Bob Day used to build up 1911 link lugs for fitting by gas welding using a magazine spring as the filler so he'd get a surface that would last. I wouldn't have tried it. When I was building 1911's, I always had a guy who was a good TIG welder with aerospace certs who was in our pistol league do that when it was needed to salvage a barrel. I watched him weld two pieces of Studebaker fender steel together as part of a car restoration, and get a seam nearly perfectly flush on that thin steel. No, it's not 4140, but in terms of localizing the heat, it's not anything I can imagine any MIG welder I've seen producing, though most of the MIG welding I've been around was done on aluminum, so it probably doesn't count.
Gunplumber,
I think you and I got off track back there. Your concern seems to be the surface hardness and finishing issues and unpredictability therewith. My point with the flow-through coolant was to preserve a layer of steel in original hardness on the inside of the bore and chamber and leave managing the outside up to the welder and his skills. I had in mind Hatcher's photo of a 30-06 barrel he turned down until it was only 0.0625" thick (Hatcher's Notebook pp. 201-202) over the chamber and reported it withstood three regular rounds, and then was blown out by a blue pill rated at 70,000 CUP (he says "pounds", but they still believed copper crushers were giving them real psi back then, so it was probably closer to 110-120 kpsi (see error curve for 30-06 p. 43,
Brownell et al.)).
If you can preserve that much thickness at the core, or more, then you at least have a pressure vessel you know is not brittle and can contain normal rifle peak pressures. It might look like a misguided attempt at color case-hardening on the outside, but the inside would have integrity.

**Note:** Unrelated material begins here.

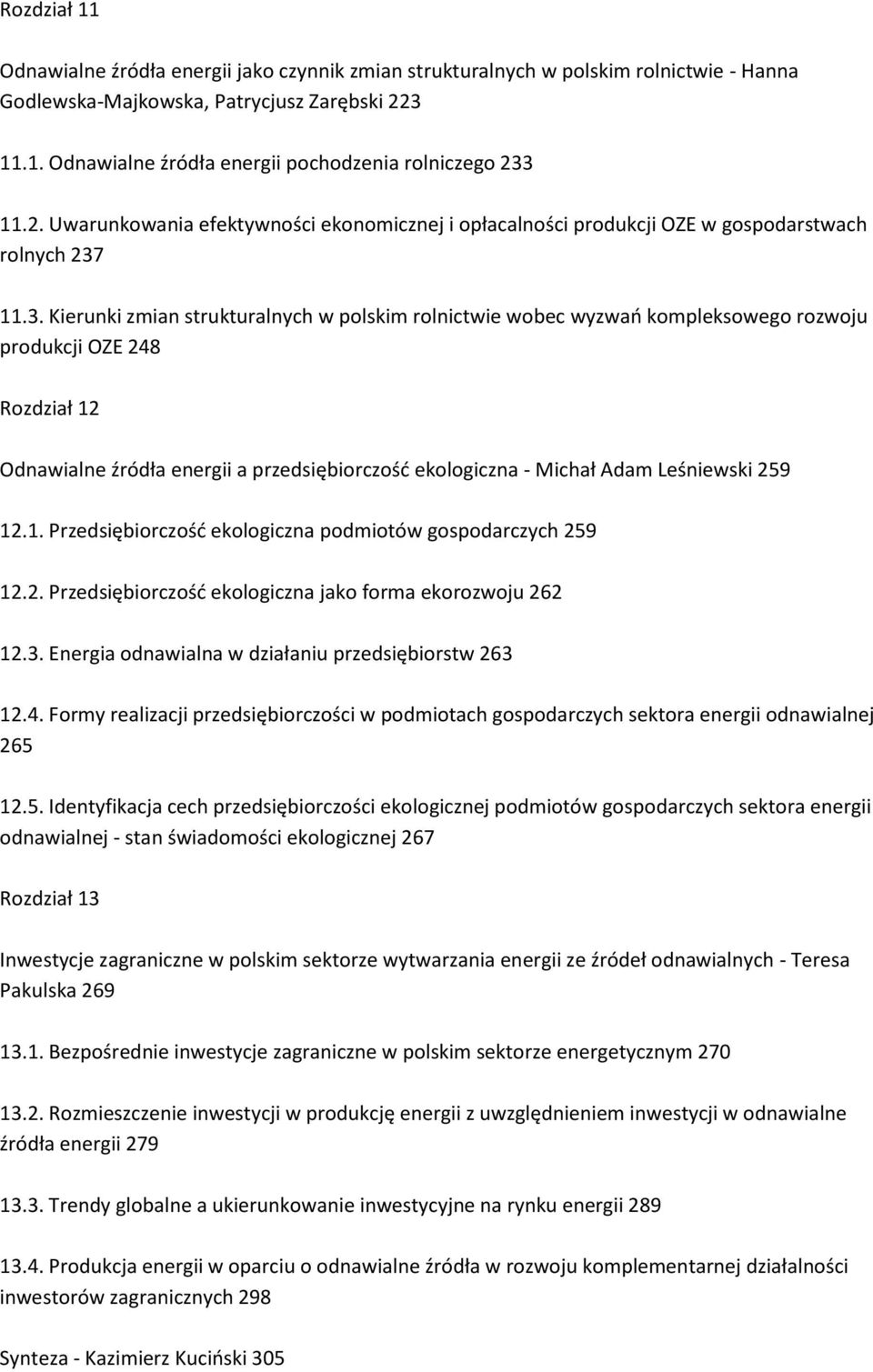 11.3. Kierunki zmian strukturalnych w polskim rolnictwie wobec wyzwań kompleksowego rozwoju produkcji OZE 248 Rozdział 12 Odnawialne źródła energii a przedsiębiorczość ekologiczna - Michał Adam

I have eleven issued patents related to applied thermodynamics and the second half of my career was built in the area of heat transfer, so I can guarantee what I suggested will preserve that core layer without needing to do an experiment. All that is required is that the steel be homogeneous and at least 5/32" thick from the bottom of the trough of the melt to the core. I am not a welder, though, so I don't think that even if I wanted to try it, I could do a valid experiment whose result would compare well with what a skilled welder's work would produce. My TIG guy is long gone, alas.
But also, I'm not sure what the experiment would demonstrate? I could show the original temper survived at the core, as I predicted, by sectioning the work and getting a lab at the University to provide a radial hardness profile, and to do one on the material before stress-relieving and one after to show changes out beyond the preserved core. I do have a large knife oven that would handle the stress-relieving. But some expense would be involved in getting the lab to make the measurements that I don't care to undertake given that I can show in a finite element analysis exactly what result to expect at the core. Again, what happens to the outside is not within my purview, beyond being able say I am confident the metal can be welded with the fluid running through it with enough power, and that it may subsequently be stress-relieved. If it looks like it ran naked through a blackberry patch afterward, that's another matter.